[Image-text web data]
━━━━━━━━━━
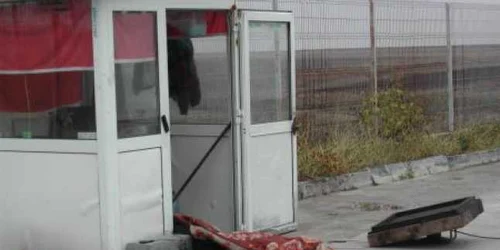 Cadavrul bărbatului a fost transportat la morgă în vederea efectuării necropsiei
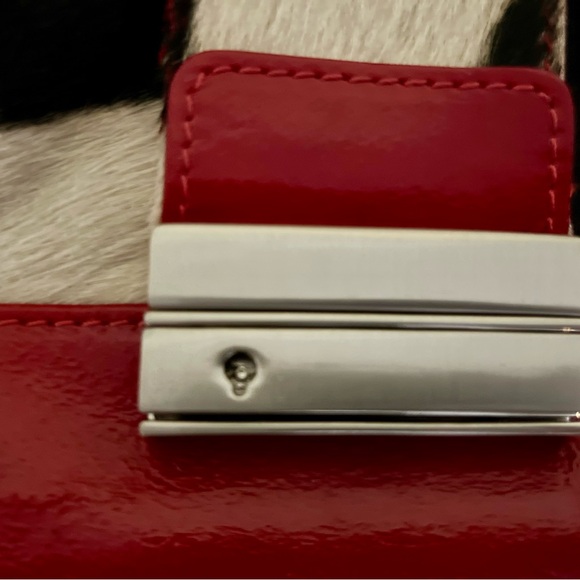 Chic Red and Black Zebra Print Leather Clutch made in Italy - Picture 4 of 8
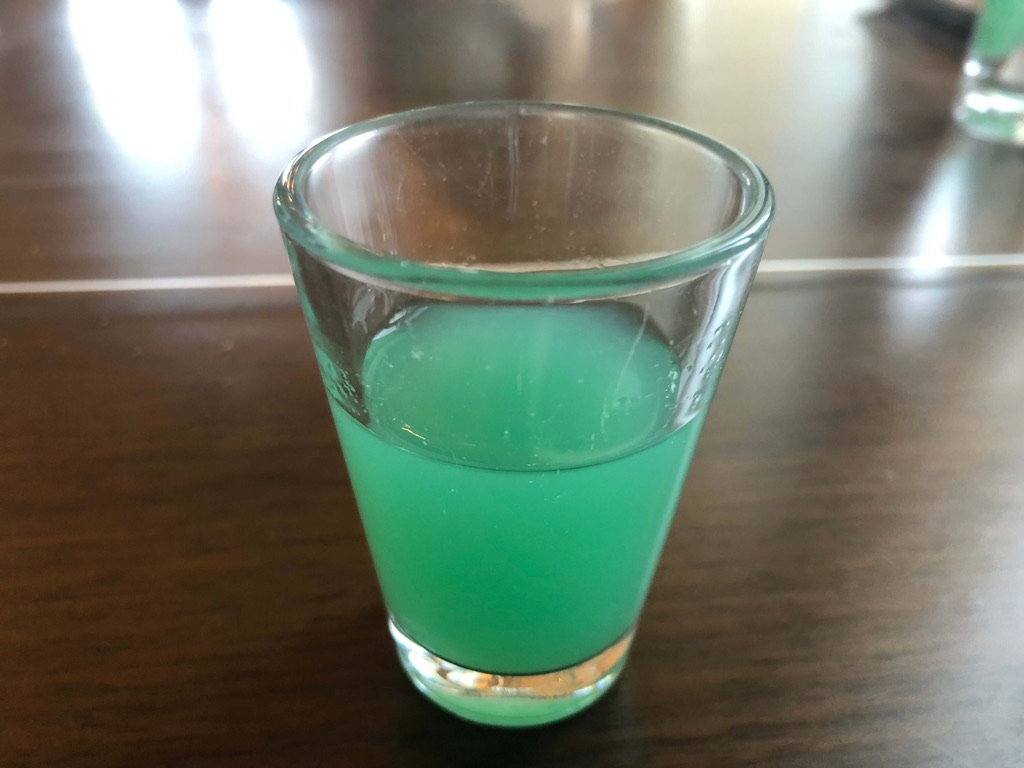 セントレジス大阪　ブログ　　宿泊記　子供添い寝　朝食　アクセス　駐車場　タイタニックオムレツ　プラチナ特典　バトラーサービス　マリオットボンヴォイアメックス　紹介　アメニティ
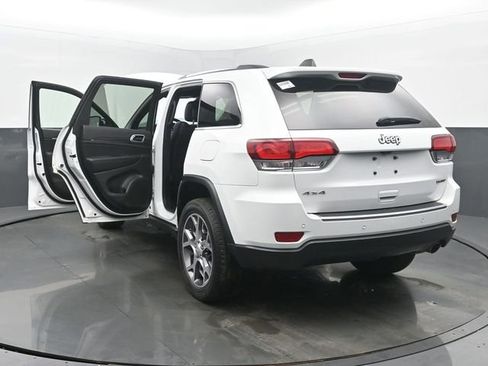 Used 2021 Jeep Grand Cherokee Limited image 54
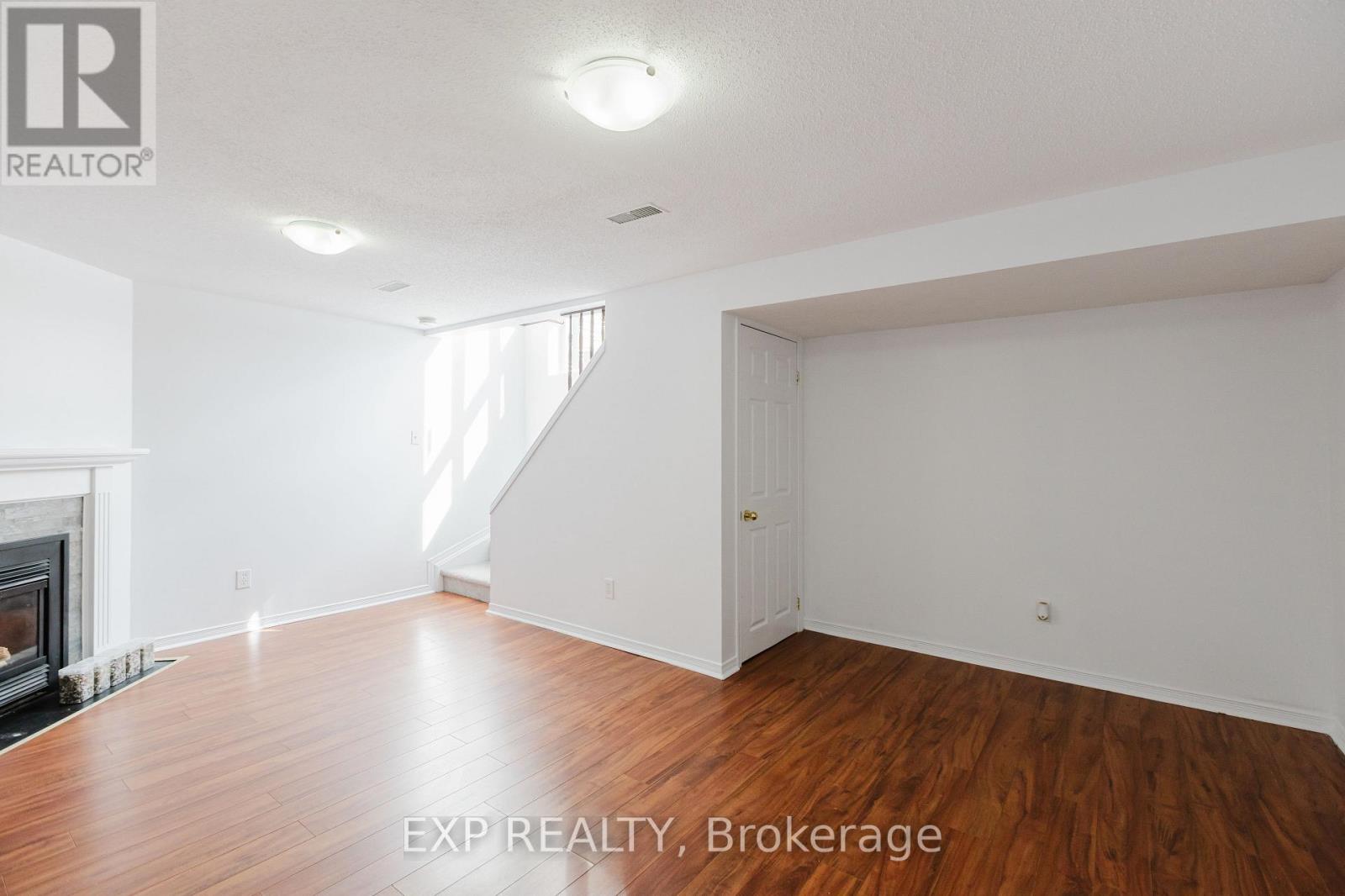 1116 BALLANTYNE DRIVE, Ottawa, Ontario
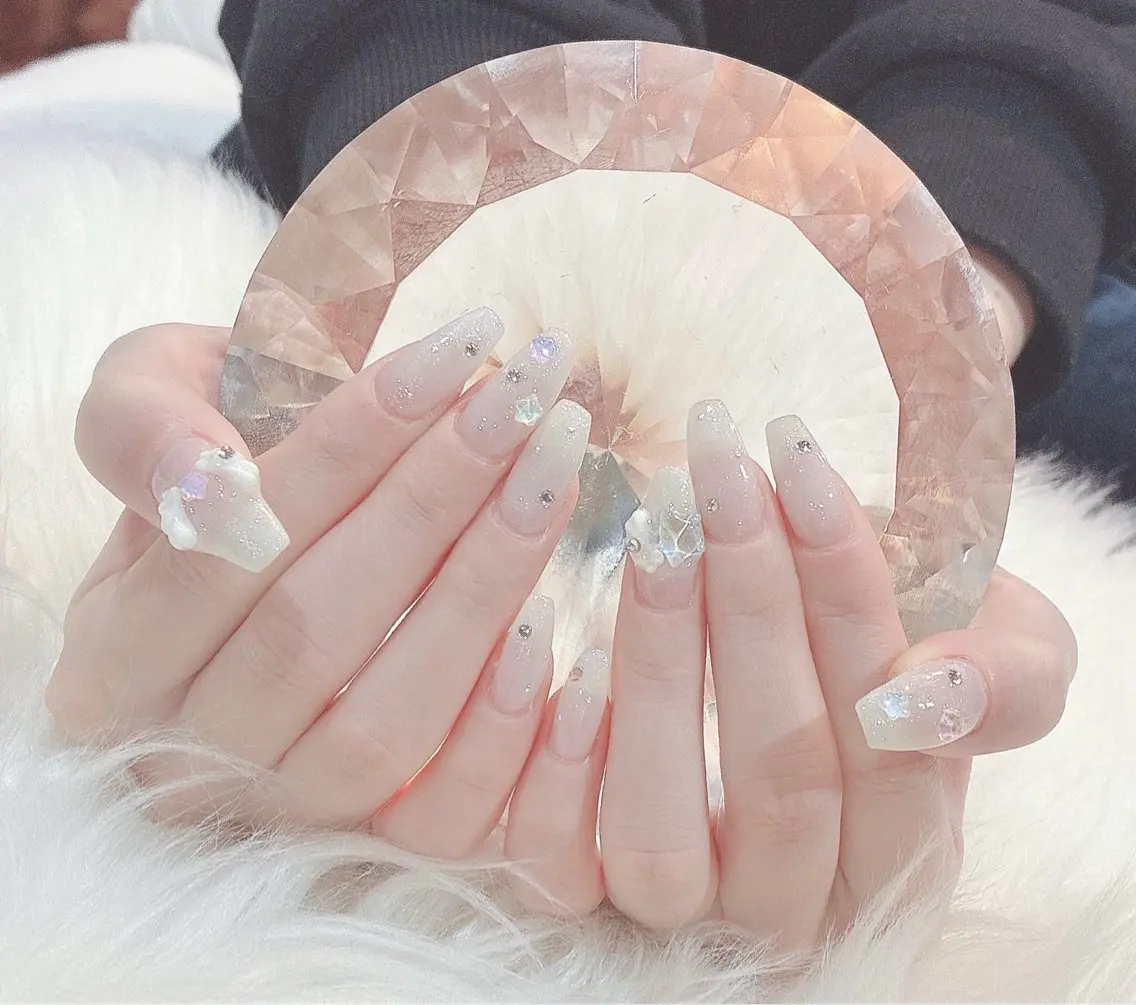 ネイル ハンドネイル LoaChaton kaeのネイルデザイン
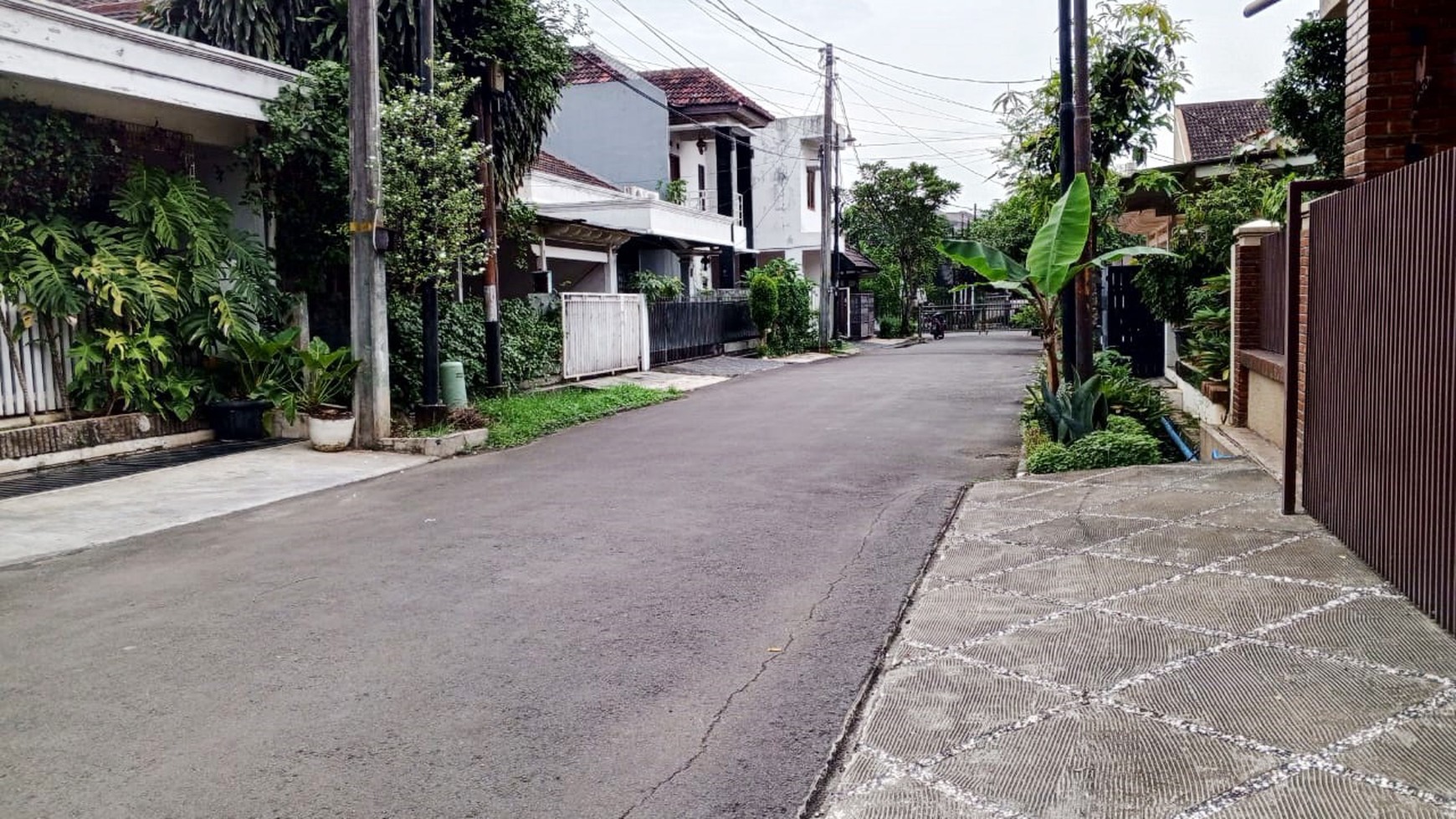 Rumah Bagus Di Kenari Bintaro Jaya Sektor 2.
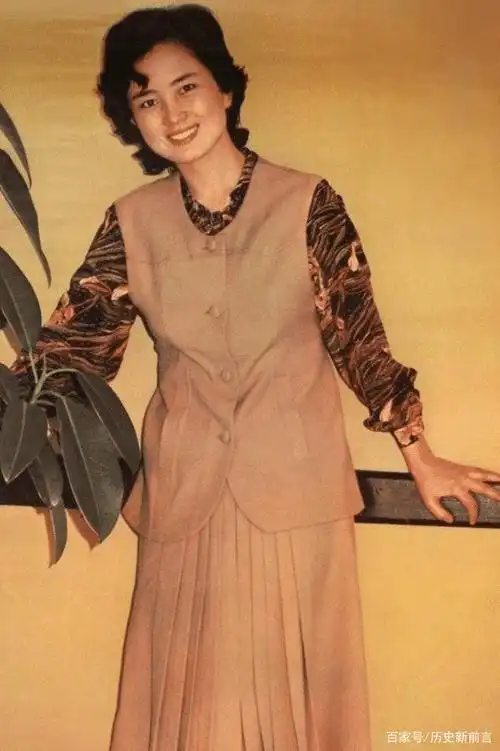 曾比刘晓庆还火,为丈夫息影后遭抛弃,如今二婚生活甜如蜜!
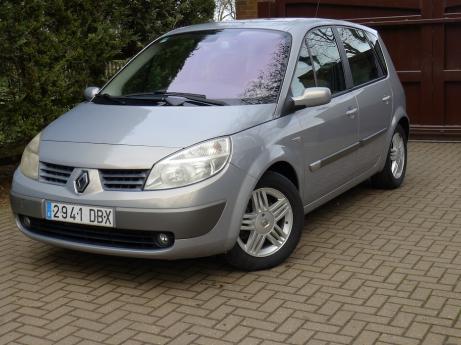 Left Hand Drive Renault Scenic 1.9 DCI Dynamic 5 door hatchback.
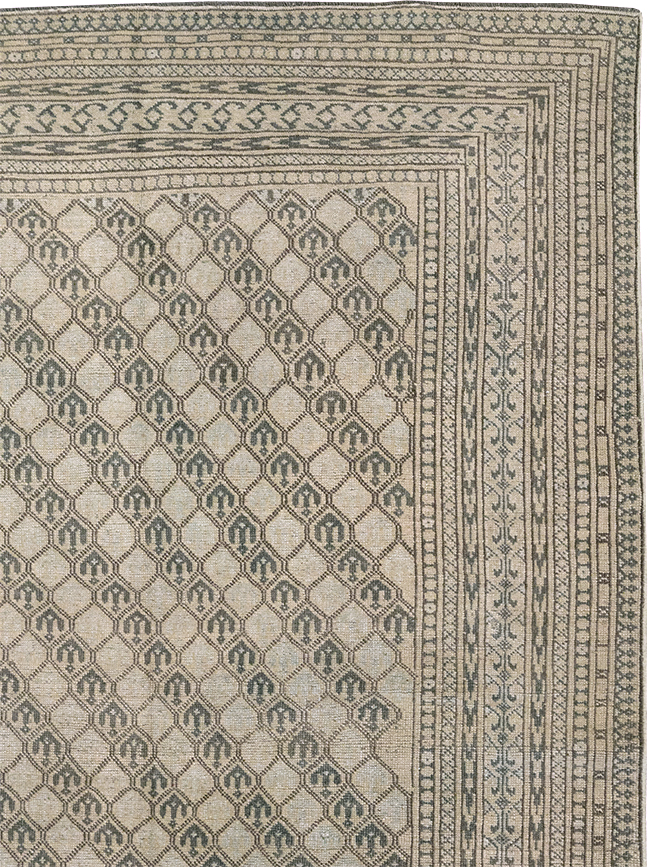 Vintage Central Asia Turkoman Room Size Carpet, No.29493 - Gss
━━━━━━━━━━
§ EXERCISE BRIEF
The answer should be an exact restatement of every entry, with the pictures omitted.

§ WRITTEN RESPONSE
 Cadavrul bărbatului a fost transportat la morgă în vederea efectuării necropsiei
 Chic Red and Black Zebra Print Leather Clutch made in Italy - Picture 4 of 8
 セントレジス大阪　ブログ　　宿泊記　子供添い寝　朝食　アクセス　駐車場　タイタニックオムレツ　プラチナ特典　バトラーサービス　マリオットボンヴォイアメックス　紹介　アメニティ
 Used 2021 Jeep Grand Cherokee Limited image 54
 1116 BALLANTYNE DRIVE, Ottawa, Ontario
 ネイル ハンドネイル LoaChaton kaeのネイルデザイン
 Rumah Bagus Di Kenari Bintaro Jaya Sektor 2.
 曾比刘晓庆还火,为丈夫息影后遭抛弃,如今二婚生活甜如蜜!
 Left Hand Drive Renault Scenic 1.9 DCI Dynamic 5 door hatchback.
 Vintage Central Asia Turkoman Room Size Carpet, No.29493 - Gss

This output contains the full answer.